“We are going after the crooks” says Finance Minister as Value Added Tax Amendment Bill is passed


“We are going after the crooks” were the words echoed in the National Assembly this evening (Thursday January 5, 2017) by Finance Minister Winston Jordan as he rose in defense of the amendments in the Value Added Tax Amendment Bill.

The Minister reasoned that measures have to be put in place equipping the Guyana Revenue Authority (GRA) and the Commissioner General with the power to track down and recover the owed taxes by defaulters, who if not reprimanded will continue to burden other taxpayers. “We are stopping those who owe taxes,” Jordan told the House.

He deemed it a travesty for the Opposition to be defending “tax dodgers,” stressing the need for a united effort in tackling those defaulters.

According to the Explanatory Memorandum, the Value Added Tax Amendment Bill 2016 seeks to amend the Value Added Tax Act Chapter 81:05. The amendment increases the limitation period under the Act from three years to five years.
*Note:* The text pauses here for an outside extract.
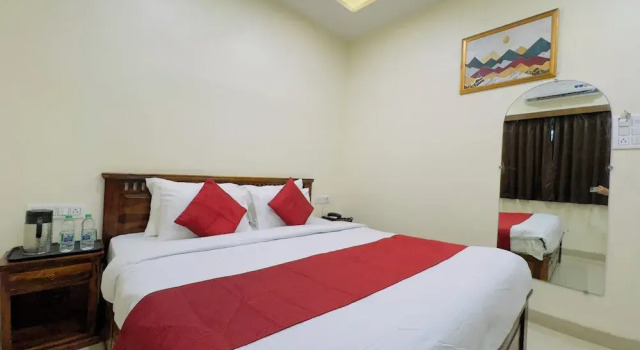 Люкс Hotel Jyotirlinga- One Way Drop to Mahakal Temple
The Bill increases penalties for offences under the Act.

The Bill was published on December 20, 2016. Finance Minister Winston Jordan in whose name it was tabled said it deals with the aspect of enforcement and administration.

Jordan told the National Assembly that the lack of resource capability has led to some abuse by taxpayers, who have recognized the loopholes in the system. The Guyana Revenue Authority (GRA), the minister said will gain “a little more muscle” with regards to enforcement.

He said it is part of the strengthening measures being given to the Commissioner General. It was during his presentation that the issue of garnishment was once again raised, however the minister said this provision was included in the law many years ago and is nothing new.

One amendment will now see “any person including a non-resident company, who knowingly or recklessly fails to present books and records when requested by the Commissioner, commits an offence and is liable,”being fined.

In the case of the person a fine of $25,000 would be enforced and for a non-resident company a fine of $1M.

Opposition MP, Priya Manickchand who rose in disapproval of the Bill questioned if supporters and non-supporters of the Government were consulted before the Government sought to include the amendments, which according to her cause worry.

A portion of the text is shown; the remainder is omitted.